Last Update 03/11/12
The Troller's Scoop
Winter is dying an ugly death this spring. Ice depth at Eloika was great just last weekend at over a foot. Perch fishing was as good as it gets at Eloika with plenty of perch up to 10 inches and enough bass to keep things interesting. We would catch the occasional legal crappie and a snaggle toothed pickerel as well. But the arrival of heavy rain and temps up to 50 has me thinking twice about venturing out for one last hurrah. Warm runoff into Eloika from the Little Spokane River warms the water from underneath and can lead to rapid deterioration of the ice and honeycombing. In these conditions, the ice is still thick, but lacks structural soundness. My new Frabill Predator sled is about to be mothballed until next winter.
Things to do....
Ice fishing is done for the most part. You might find a couple of Gomers out on the ice, but please check it prior to heading out.

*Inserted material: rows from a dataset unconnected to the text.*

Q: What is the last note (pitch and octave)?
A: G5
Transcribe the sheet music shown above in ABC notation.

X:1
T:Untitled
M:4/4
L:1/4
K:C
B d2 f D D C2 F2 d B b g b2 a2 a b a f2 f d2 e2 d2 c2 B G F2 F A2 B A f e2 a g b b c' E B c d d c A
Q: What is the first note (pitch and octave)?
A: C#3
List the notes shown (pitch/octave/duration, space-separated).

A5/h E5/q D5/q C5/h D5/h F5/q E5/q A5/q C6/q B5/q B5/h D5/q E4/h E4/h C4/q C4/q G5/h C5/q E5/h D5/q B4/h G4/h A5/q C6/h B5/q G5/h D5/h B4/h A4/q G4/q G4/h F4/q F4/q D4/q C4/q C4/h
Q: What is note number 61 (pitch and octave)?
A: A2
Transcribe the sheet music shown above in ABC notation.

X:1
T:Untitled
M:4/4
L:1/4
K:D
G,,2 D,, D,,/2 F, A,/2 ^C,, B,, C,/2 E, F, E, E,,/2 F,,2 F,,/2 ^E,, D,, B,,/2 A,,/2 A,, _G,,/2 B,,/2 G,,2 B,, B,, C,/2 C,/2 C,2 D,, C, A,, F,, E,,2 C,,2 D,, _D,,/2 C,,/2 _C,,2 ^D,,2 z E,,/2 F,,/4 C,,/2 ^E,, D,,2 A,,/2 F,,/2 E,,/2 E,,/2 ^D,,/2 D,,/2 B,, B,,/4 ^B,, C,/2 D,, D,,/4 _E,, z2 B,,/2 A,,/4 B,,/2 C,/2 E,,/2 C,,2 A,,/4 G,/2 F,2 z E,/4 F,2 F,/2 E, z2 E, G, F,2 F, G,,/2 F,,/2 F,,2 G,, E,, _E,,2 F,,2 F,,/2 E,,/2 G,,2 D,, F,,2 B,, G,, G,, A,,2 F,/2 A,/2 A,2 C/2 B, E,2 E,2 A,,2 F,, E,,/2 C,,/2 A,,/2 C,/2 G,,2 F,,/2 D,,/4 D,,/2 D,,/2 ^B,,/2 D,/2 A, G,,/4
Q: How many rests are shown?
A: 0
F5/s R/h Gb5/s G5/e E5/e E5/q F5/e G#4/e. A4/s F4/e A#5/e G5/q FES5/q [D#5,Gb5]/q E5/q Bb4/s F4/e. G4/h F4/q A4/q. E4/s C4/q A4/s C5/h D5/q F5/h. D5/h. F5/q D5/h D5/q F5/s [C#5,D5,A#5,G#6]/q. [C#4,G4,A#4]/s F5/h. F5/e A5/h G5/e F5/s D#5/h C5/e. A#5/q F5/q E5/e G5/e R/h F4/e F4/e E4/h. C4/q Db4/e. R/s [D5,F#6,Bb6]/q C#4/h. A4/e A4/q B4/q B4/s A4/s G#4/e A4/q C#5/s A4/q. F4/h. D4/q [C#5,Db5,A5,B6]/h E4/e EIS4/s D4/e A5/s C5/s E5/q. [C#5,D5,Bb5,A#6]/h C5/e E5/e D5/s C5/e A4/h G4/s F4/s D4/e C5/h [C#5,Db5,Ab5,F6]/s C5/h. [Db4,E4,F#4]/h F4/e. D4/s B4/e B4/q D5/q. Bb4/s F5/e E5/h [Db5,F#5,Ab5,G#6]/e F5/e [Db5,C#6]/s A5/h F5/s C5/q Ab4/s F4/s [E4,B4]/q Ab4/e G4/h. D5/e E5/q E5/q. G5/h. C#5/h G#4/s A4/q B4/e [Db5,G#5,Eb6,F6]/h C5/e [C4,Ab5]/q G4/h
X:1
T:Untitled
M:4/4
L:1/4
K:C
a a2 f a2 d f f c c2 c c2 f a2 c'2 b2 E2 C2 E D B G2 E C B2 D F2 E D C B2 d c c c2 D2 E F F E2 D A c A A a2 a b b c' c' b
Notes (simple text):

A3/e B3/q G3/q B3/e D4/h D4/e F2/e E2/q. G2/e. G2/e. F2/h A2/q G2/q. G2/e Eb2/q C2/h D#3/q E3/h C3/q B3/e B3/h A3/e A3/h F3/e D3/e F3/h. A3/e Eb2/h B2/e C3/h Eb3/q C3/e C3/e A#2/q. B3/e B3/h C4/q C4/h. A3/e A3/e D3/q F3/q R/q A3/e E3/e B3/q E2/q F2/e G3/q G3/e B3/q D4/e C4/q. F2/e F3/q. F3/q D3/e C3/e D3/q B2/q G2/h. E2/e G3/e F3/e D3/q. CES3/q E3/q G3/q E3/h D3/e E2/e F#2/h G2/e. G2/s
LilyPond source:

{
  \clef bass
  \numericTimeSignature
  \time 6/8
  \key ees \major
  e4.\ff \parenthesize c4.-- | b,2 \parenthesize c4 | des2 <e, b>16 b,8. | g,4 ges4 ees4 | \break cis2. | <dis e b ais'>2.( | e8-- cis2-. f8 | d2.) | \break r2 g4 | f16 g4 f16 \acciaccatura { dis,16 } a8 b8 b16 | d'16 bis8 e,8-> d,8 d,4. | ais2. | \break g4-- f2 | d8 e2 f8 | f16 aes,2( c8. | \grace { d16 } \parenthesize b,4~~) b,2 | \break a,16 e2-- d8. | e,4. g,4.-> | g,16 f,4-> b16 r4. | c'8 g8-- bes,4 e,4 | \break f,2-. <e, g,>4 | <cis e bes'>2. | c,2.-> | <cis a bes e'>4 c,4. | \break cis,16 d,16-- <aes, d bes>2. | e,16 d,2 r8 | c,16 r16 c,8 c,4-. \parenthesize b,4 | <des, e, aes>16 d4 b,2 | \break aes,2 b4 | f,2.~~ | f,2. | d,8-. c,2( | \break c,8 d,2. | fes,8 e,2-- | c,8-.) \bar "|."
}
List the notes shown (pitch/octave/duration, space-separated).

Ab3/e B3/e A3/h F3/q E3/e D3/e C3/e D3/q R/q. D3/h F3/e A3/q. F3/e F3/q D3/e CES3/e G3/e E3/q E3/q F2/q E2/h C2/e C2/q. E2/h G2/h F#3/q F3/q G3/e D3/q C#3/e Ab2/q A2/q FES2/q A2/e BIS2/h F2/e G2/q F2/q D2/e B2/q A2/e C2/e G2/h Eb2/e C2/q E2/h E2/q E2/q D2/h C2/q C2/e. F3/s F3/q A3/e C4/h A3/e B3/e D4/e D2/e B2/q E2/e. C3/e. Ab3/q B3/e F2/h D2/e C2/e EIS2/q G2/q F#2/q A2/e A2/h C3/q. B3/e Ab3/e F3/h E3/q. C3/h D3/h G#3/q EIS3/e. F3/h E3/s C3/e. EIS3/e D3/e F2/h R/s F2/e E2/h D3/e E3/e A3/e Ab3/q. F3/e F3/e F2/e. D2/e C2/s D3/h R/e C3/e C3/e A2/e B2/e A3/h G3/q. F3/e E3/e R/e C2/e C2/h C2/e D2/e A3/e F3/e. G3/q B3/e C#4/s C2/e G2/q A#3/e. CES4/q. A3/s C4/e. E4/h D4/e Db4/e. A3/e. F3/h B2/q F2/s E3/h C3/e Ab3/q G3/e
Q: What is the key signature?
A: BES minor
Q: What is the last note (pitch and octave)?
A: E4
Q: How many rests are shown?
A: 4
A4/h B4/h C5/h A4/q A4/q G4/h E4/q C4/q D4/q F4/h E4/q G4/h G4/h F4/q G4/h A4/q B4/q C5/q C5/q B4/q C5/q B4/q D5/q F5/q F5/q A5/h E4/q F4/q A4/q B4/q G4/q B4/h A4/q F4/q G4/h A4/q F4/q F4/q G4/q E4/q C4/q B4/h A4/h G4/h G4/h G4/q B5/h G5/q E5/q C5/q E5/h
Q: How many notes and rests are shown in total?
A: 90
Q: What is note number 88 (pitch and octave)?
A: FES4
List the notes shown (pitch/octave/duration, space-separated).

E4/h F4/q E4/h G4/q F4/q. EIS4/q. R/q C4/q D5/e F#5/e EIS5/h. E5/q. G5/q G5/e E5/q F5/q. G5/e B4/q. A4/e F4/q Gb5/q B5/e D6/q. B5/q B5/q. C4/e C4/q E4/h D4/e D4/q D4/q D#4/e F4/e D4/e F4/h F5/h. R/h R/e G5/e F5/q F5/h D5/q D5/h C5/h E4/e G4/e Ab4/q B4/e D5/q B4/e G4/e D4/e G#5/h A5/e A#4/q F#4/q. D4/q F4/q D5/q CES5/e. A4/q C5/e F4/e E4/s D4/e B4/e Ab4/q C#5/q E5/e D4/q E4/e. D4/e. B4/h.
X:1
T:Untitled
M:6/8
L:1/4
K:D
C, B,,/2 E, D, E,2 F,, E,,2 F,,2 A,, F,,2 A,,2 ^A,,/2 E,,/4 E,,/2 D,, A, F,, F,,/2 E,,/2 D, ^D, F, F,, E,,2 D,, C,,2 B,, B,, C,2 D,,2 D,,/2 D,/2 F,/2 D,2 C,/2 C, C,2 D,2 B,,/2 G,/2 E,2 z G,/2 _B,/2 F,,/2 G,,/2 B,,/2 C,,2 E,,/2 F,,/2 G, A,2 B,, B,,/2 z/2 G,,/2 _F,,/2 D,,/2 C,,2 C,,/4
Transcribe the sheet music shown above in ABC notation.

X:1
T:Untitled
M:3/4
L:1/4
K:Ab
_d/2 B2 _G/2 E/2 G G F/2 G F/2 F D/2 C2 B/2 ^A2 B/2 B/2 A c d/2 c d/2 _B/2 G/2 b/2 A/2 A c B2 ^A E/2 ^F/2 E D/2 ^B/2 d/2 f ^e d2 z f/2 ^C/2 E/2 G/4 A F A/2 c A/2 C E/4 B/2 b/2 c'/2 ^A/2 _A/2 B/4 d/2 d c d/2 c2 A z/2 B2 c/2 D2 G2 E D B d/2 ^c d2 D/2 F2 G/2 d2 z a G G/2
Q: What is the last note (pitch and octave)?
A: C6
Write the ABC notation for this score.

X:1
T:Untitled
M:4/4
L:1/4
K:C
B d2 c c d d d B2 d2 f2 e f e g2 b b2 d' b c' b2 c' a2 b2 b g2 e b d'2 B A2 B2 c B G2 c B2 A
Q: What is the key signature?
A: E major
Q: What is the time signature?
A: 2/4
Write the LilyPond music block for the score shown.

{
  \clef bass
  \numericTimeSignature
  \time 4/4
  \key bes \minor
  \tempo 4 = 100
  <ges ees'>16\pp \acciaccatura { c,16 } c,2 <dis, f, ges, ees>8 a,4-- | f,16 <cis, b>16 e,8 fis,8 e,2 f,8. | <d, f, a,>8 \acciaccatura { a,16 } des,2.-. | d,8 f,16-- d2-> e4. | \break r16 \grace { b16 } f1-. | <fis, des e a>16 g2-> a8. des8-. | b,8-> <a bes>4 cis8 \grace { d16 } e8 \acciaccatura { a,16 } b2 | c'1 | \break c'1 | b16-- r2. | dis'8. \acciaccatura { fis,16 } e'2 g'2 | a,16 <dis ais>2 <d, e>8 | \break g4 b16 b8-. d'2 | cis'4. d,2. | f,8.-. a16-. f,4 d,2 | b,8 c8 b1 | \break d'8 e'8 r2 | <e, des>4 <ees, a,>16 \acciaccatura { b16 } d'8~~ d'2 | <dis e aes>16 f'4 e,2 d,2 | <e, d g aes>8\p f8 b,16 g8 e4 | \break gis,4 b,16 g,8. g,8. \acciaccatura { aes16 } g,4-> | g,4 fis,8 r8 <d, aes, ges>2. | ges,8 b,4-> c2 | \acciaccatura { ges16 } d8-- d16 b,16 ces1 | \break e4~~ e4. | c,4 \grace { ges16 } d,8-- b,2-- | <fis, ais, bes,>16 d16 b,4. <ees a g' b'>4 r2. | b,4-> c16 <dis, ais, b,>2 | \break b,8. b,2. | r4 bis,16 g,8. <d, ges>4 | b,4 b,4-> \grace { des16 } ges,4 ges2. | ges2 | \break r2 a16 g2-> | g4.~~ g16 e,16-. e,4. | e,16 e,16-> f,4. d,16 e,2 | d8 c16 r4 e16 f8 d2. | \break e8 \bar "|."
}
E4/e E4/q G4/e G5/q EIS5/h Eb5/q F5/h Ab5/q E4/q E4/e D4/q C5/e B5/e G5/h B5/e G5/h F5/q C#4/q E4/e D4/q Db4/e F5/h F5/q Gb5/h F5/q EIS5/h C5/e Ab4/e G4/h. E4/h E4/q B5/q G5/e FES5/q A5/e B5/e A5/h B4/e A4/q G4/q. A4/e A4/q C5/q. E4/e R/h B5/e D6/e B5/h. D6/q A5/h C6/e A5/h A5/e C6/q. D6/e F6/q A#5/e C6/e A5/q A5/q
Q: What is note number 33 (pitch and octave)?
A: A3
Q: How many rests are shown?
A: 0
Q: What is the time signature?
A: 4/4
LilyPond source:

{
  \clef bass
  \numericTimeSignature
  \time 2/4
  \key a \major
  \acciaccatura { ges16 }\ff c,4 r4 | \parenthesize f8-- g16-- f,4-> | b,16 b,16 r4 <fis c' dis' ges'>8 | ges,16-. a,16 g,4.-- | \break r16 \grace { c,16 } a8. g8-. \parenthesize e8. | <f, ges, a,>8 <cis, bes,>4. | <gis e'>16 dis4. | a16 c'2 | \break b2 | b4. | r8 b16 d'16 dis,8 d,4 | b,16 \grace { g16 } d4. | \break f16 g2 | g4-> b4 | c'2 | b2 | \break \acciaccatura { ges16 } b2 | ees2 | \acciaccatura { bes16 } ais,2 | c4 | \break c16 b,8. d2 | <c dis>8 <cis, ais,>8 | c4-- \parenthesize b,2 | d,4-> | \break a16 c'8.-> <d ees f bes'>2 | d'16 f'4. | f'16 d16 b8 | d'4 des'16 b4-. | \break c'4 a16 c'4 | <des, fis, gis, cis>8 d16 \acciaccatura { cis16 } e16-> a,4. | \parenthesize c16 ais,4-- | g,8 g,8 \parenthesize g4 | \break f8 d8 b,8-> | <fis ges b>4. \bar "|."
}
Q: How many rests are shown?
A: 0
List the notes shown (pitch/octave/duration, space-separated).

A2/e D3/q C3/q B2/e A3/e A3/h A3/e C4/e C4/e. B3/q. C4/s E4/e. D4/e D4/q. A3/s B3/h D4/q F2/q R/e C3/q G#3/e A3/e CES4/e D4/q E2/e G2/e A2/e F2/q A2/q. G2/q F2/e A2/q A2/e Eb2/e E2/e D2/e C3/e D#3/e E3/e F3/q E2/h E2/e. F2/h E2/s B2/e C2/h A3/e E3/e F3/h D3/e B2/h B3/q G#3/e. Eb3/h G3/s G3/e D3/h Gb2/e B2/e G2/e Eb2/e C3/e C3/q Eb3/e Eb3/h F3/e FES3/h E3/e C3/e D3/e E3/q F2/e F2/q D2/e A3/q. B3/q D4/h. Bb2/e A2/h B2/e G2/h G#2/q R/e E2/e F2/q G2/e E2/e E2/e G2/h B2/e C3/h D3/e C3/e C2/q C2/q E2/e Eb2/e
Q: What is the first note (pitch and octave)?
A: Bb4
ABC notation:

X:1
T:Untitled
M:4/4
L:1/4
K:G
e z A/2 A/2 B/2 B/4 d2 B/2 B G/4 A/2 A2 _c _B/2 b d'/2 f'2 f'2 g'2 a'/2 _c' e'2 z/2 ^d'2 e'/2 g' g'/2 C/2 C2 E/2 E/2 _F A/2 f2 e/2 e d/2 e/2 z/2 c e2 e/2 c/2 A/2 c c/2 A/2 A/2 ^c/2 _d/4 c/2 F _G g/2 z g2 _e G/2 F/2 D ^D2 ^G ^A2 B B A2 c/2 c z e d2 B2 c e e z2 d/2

Current options for fun include the Big Horn Show coming up soon. 4th of July Lake near Sprague has been shedding ice, so it might be a good option for shore fishing for some big rainbows. Hog Canyon is also a local option. Lake Roosevelt is always accessable for shore or boat fishing, and reports indicate good success there. I'd stay away from Rock Lake until the weather moderates a bit. When the wind howls at Rock, there is little shelter on the lake, and many lives have been lost there.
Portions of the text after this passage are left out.